## TASK INSTRUCTIONS
For this listing, the lines between the one holding "NIKE TECH BASIC Dri-FIT POLO" and the one holding "Vua phá lưới", inclusive, must be set down exactly.
══ RECORDS SUPPLIED
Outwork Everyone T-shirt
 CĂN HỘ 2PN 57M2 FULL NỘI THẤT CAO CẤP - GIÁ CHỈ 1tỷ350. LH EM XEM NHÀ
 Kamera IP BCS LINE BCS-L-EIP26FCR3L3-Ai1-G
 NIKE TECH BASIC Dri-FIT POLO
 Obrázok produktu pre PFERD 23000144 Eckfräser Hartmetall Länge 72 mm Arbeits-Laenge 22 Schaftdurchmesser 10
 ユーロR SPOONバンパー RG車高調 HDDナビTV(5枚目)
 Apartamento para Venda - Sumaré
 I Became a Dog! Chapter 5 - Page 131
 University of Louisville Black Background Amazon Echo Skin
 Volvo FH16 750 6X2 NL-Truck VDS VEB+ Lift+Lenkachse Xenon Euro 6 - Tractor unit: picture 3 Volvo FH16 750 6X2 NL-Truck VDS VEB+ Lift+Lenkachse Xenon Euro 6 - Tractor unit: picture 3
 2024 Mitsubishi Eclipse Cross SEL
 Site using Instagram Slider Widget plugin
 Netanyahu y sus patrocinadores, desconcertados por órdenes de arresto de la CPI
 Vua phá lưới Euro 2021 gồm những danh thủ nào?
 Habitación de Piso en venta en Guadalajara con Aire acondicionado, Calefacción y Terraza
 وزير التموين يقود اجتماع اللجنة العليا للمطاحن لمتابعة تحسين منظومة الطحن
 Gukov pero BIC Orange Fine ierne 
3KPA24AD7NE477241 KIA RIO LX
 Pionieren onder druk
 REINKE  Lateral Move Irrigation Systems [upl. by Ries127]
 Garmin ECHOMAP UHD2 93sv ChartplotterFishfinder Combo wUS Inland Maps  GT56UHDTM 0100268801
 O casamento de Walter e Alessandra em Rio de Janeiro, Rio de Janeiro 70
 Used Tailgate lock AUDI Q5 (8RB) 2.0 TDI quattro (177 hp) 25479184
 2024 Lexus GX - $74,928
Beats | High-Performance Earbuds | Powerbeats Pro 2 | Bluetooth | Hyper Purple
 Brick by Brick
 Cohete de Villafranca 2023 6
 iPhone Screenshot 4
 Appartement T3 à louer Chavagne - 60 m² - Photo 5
════
## SOLUTION TO THIS EXERCISE
 NIKE TECH BASIC Dri-FIT POLO
 Obrázok produktu pre PFERD 23000144 Eckfräser Hartmetall Länge 72 mm Arbeits-Laenge 22 Schaftdurchmesser 10
 ユーロR SPOONバンパー RG車高調 HDDナビTV(5枚目)
 Apartamento para Venda - Sumaré
 I Became a Dog! Chapter 5 - Page 131
 University of Louisville Black Background Amazon Echo Skin
 Volvo FH16 750 6X2 NL-Truck VDS VEB+ Lift+Lenkachse Xenon Euro 6 - Tractor unit: picture 3 Volvo FH16 750 6X2 NL-Truck VDS VEB+ Lift+Lenkachse Xenon Euro 6 - Tractor unit: picture 3
 2024 Mitsubishi Eclipse Cross SEL
 Site using Instagram Slider Widget plugin
 Netanyahu y sus patrocinadores, desconcertados por órdenes de arresto de la CPI
 Vua phá lưới Euro 2021 gồm những danh thủ nào?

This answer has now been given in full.